A Petrobras vive hoje incertezas sobre o futuro uma vez que se desconhece o caminho que a empresa vai trilhar a partir de 1º de janeiro de 2023. Pessoas da atual gestão da estatal e o Tribunal de Contas da União (TCU) defendem a necessidade de continuar a reforçar a governança da petroleira. Reconhecem ainda que eventuais mudanças de rumo podem levar algum tempo para surtir efeito nos negócios da companhia. As preocupações surgem como consequência de sinais do governo eleito que pode adotar viés mais intervencionista na área de energia, via política de preços da gasolina e do diesel, e na própria Petrobras, que seria levada a desistir da venda de uma série de ativos, entre os quais estão refinarias de petróleo.

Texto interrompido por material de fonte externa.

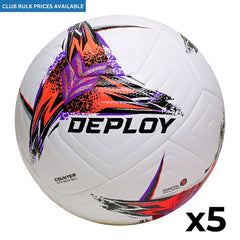 deploy_footbll_elite_5pack_match_soccer_ball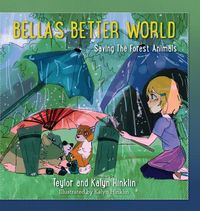 Produktbild: Bella's Better World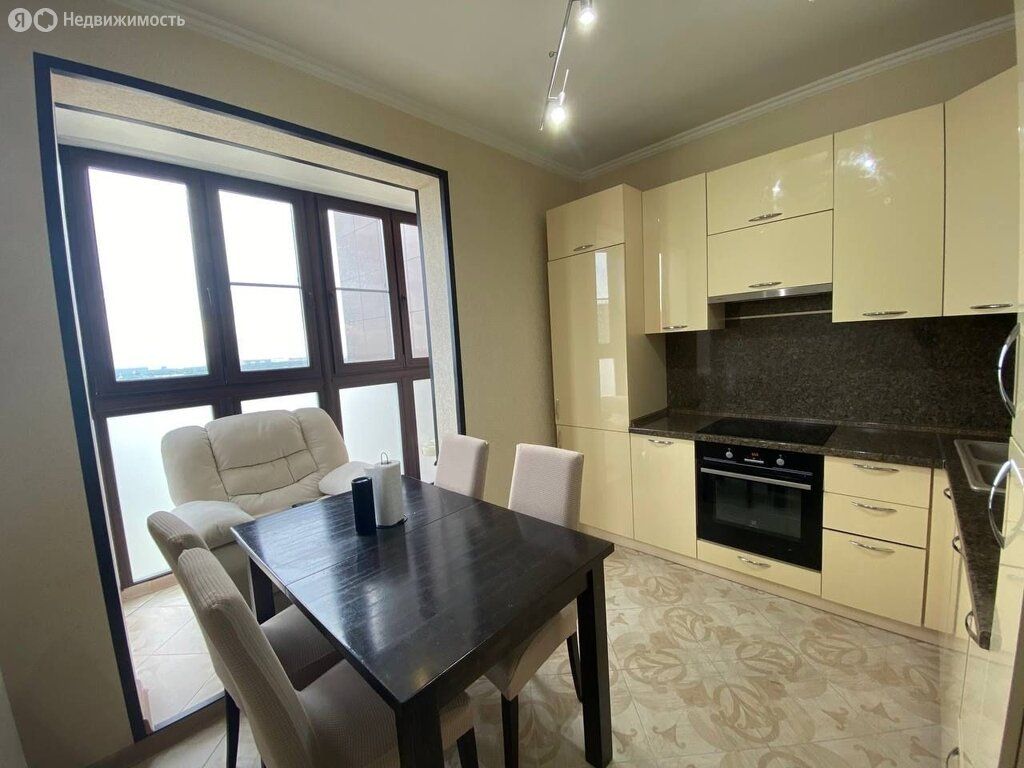 m. Nikolskoe: Apartment, 2-rooms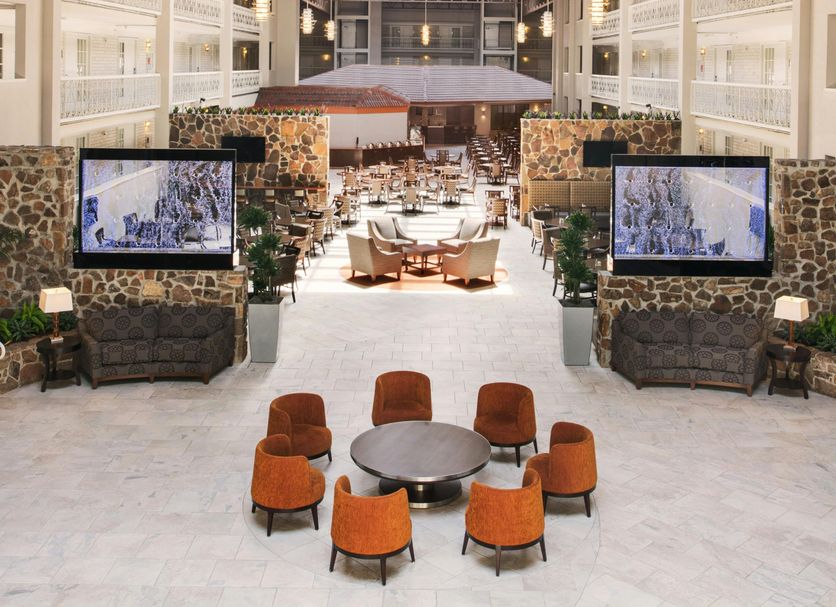 Hall d’entrée Photo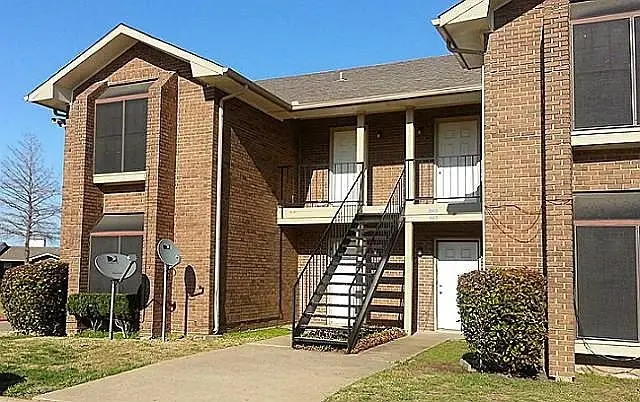 4540 Chaha Road #102, Garland, TX 75043 - #1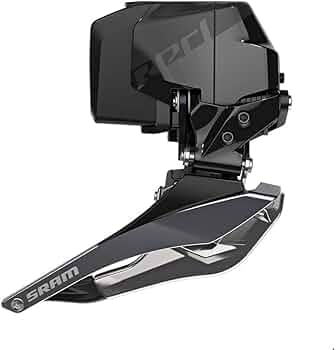 Amazon.co.jp: SRAM(スラム) RED eTAP AXS ワイヤレスフロント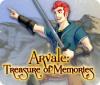 Arvale: Treasure of Memories ゲーム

O receio do mercado em relação a essa maior intervenção política na empresa tem se refletido na volatilidade das ações da Petrobras na bolsa. Na terça-feira, os papéis da empresa chegaram a cair mais de 4%, na esteira de declarações da equipe de transição do governo eleito, mas fecharam perto da estabilidade. Ontem as ações ordinárias da estatal terminaram o dia a R$ 27,07, quase a mesma cotação da véspera.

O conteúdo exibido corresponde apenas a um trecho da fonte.